● **WHAT YOU HAVE TO DO**: Output must consist only of the lines of the material below from the one with "21355 NE 2nd Court Sammamish WA 98074" through the one with "Husqvarna LB 548i", each reproduced exactly; no pictures belong in it.

● **RECORDS PROVIDED**:
□ □ □ □ □
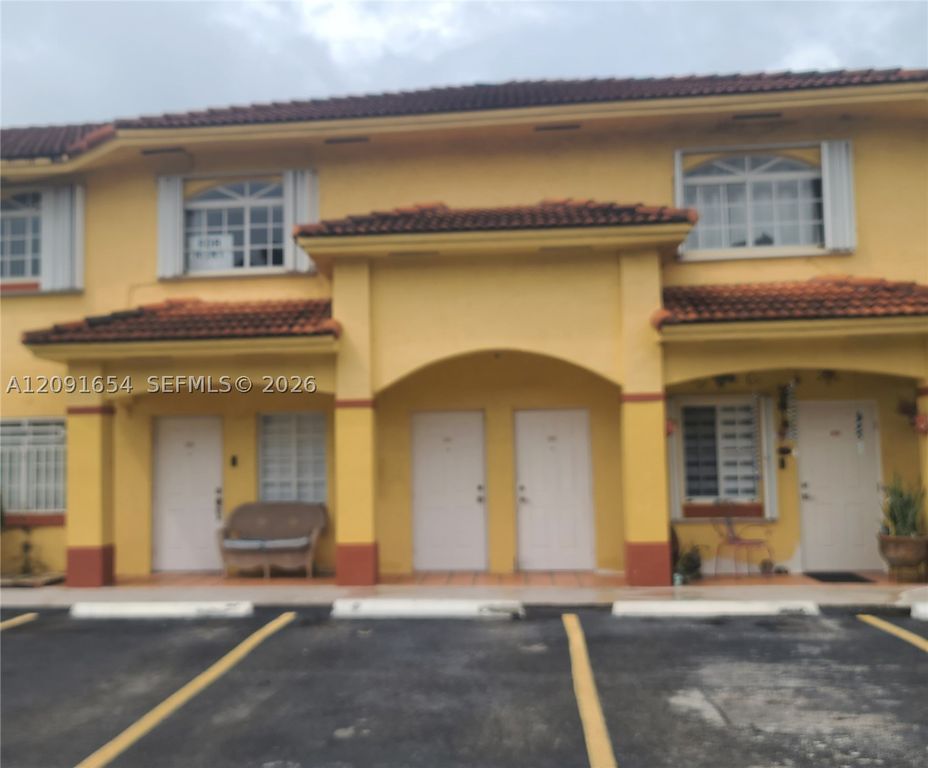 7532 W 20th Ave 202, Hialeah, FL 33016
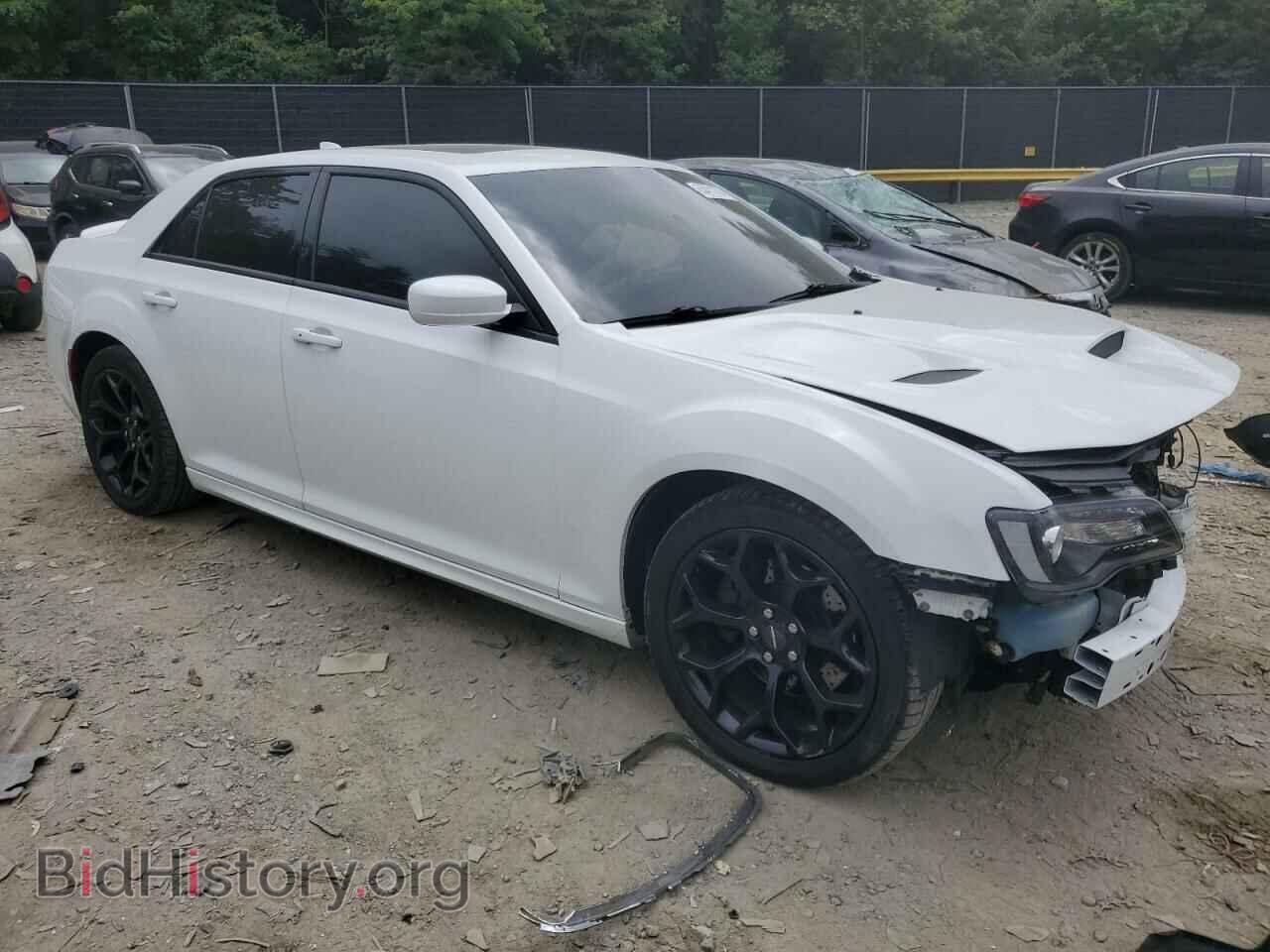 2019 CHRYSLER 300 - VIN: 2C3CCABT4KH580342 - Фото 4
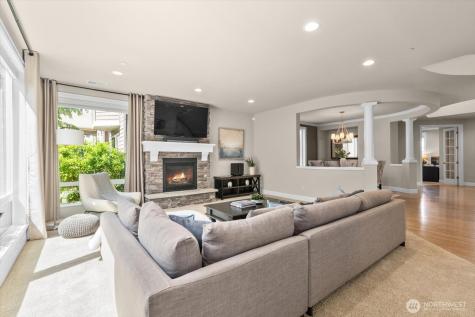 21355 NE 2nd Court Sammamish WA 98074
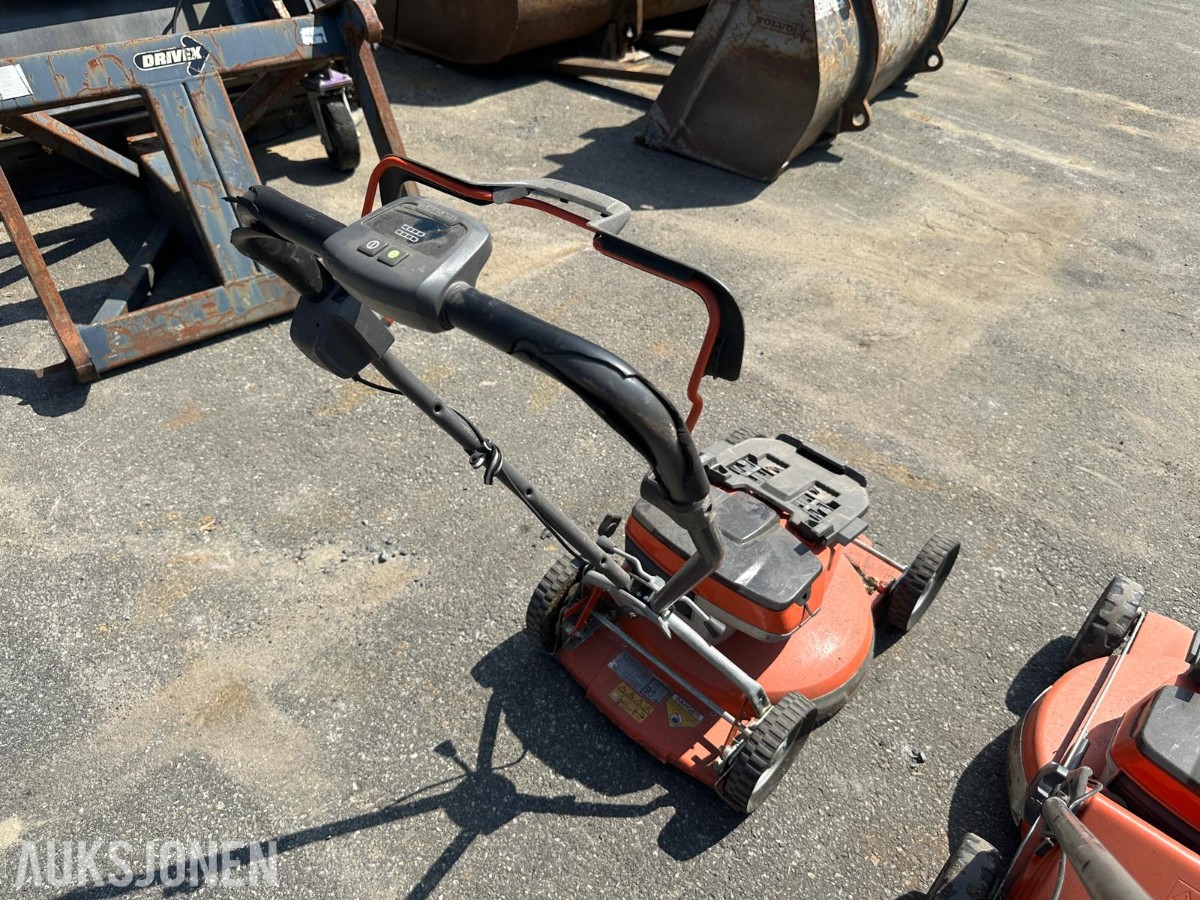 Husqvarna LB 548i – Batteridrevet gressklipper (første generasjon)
□ □ □ □ □
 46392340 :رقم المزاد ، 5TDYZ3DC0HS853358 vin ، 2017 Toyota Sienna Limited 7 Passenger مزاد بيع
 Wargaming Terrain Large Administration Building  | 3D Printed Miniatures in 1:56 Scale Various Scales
□ □ □ □ □
● **TASK RESPONSE**:
 21355 NE 2nd Court Sammamish WA 98074
 Husqvarna LB 548i – Batteridrevet gressklipper (første generasjon)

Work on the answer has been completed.